Definition
An embedding is a dense vector — a fixed-length list of numbers — that encodes the meaning of a piece of data in a high-dimensional space. Instead of treating words as opaque symbols, an embedding model maps each input to coordinates such that semantically similar items land near each other. The classic example is word arithmetic: the vectors for “king” minus “man” plus “woman” land close to “queen”, showing that relationships are captured geometrically.
What can be embedded
Embeddings are not limited to text:
- Text embeddings turn words, sentences, or whole documents into vectors for search, clustering, and classification.

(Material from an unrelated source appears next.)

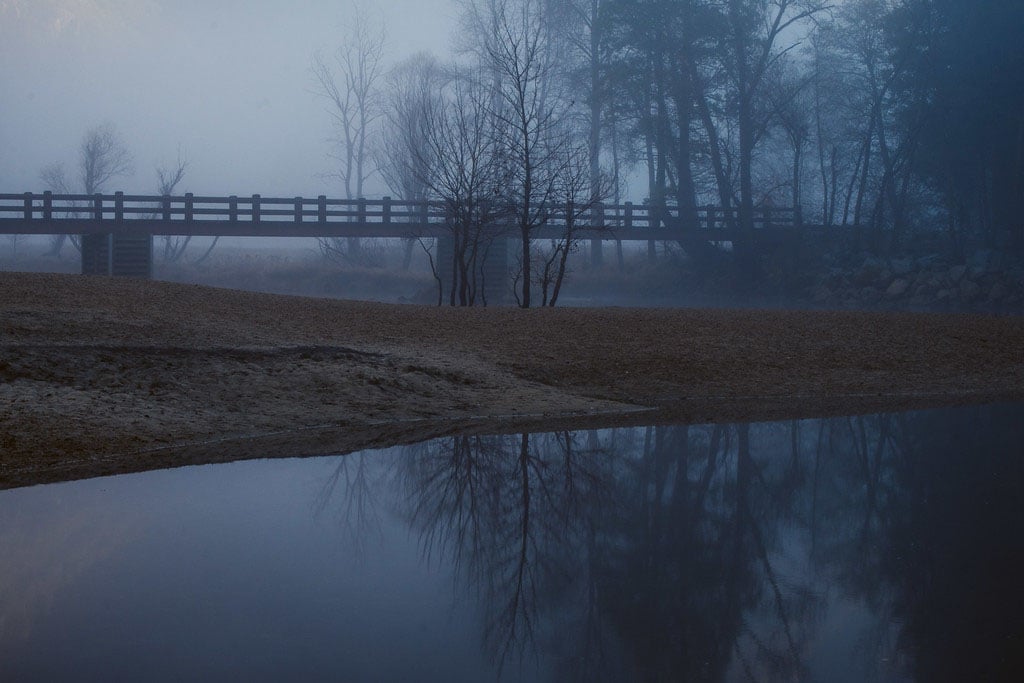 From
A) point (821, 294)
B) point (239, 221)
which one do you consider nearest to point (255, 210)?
point (239, 221)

- Image embeddings represent pictures so visually similar images sit close together.
- Multimodal embeddings (such as those produced by CLIP) place text and images in the same space, so a caption and its matching photo align.

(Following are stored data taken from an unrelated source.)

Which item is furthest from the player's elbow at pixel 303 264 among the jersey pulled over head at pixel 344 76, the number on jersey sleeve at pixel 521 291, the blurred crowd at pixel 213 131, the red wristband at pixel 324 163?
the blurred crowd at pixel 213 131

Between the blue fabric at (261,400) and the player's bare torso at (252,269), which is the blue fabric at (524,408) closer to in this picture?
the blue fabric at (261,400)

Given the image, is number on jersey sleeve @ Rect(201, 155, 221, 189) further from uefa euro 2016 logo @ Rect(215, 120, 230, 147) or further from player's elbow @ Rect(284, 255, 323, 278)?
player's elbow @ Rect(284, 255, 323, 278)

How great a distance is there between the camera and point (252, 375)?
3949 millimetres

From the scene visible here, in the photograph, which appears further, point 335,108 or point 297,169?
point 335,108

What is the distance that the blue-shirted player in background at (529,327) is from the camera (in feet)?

This shared geometry is what lets you query images with text, or find related documents regardless of exact wording.
How similarity is measured
Once data is embedded, comparing items becomes a geometry problem. The most common metric is cosine similarity, which measures the angle between two vectors and returns a value where 1 means “pointing the same way” (very similar) and 0 means unrelated. Euclidean distance and dot product are also used. Because comparisons are just maths on vectors, they are fast and scale to millions of items.
Dimensions and models
Embedding models output vectors of a fixed size — commonly 384, 768, 1,536, or 3,072 dimensions. More dimensions can encode finer distinctions but increase storage and comparison cost. Popular models include OpenAI’s text-embedding-3 family and many open-source sentence-transformer models. The right choice balances quality, vector size, and price for your data volume.
Why embeddings matter
Embeddings are the backbone of modern semantic systems. They power semantic search, recommendation engines, clustering and deduplication, and most importantly retrieval-augmented generation (RAG) — where relevant documents are found by vector similarity and fed into an LLM’s context. Specialised vector databases like Pinecone, Weaviate, Qdrant, and pgvector exist specifically to store embeddings and run fast nearest-neighbour searches over them.